# WORK TASK
Which lines of the entries contain the word "Fashion"? Please list them.

# DATA LISTING
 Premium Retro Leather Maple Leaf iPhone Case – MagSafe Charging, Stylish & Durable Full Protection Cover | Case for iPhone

* * *

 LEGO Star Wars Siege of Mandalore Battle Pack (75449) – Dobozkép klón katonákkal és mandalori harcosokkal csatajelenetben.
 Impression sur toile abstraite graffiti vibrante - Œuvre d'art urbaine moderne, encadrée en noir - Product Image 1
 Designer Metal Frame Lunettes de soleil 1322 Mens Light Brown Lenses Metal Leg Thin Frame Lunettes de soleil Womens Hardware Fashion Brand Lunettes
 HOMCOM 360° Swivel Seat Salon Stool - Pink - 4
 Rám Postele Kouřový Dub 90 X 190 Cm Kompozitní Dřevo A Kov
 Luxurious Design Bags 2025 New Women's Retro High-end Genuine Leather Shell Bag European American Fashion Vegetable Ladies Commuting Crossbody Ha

# THE ANSWER
 Designer Metal Frame Lunettes de soleil 1322 Mens Light Brown Lenses Metal Leg Thin Frame Lunettes de soleil Womens Hardware Fashion Brand Lunettes
 Luxurious Design Bags 2025 New Women's Retro High-end Genuine Leather Shell Bag European American Fashion Vegetable Ladies Commuting Crossbody Ha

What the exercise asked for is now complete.